Auto-Tuning Compiler Transformations with Machine Learning – Dr. Biagio Cosenza - matt_d
https://www.youtube.com/watch?v=x7iLb-znxgU
======
matt_d
Slides (PDF): [http://biagiocosenza.com/talk/LLVM-Berlin-Meetup-
Nov2017.pdf](http://biagiocosenza.com/talk/LLVM-Berlin-Meetup-Nov2017.pdf)

Description: [https://www.meetup.com/LLVM-Social-
Berlin/events/244936204/](https://www.meetup.com/LLVM-Social-
Berlin/events/244936204/)

"To deliver higher performance, today's computer architecture has evolved in
complexity. Hardware design is taking an irreversible step toward parallel
architectures, which burdens application programmers in porting and tuning
their codes. It is desirable to write programs that execute efficiently on
highly parallel computing systems, but peak performance is notoriously hard to
reach, and the valuable cost of wasting these precious resources motivates
application programmers to devote significant time to tuning their codes.

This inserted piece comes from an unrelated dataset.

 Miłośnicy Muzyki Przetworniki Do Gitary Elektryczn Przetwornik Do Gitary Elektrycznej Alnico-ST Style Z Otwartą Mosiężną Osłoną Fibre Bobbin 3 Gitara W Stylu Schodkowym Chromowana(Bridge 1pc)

Program automatic tuning (autotuning) is an emerging approach that relies on
automated search or machine learning to off-load the traditionally time-
consuming manual tuning of applications, and while it can apply to very
different scenarios, it has become particularly important for parallel
architectures.

This talk will show how machine learning can be a powerful tool to design
portable and efficient autotuners. Machine learning application to this
context is challenging and requires to address very specific problems
(encoding, modeling, and training data availability). I will show practical
examples of such autotuners for vectorization, loop unrolling, heterogeneous
task partitioning and stencil computations, and which have been applied on a
variety of compiler infrastructures such as LLVM, GCC, Insieme, and Patus. In
particular, I will show how modeling can be greatly enhanced by structural
learning methods that adapt to the structure of the problem."